YOUR TASK
Write the data out again, exactly as given.

··· GIVEN DATA ···

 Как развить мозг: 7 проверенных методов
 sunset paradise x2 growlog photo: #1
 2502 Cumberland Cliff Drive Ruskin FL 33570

···

EXERCISE RESULT
 Как развить мозг: 7 проверенных методов
 sunset paradise x2 growlog photo: #1
 2502 Cumberland Cliff Drive Ruskin FL 33570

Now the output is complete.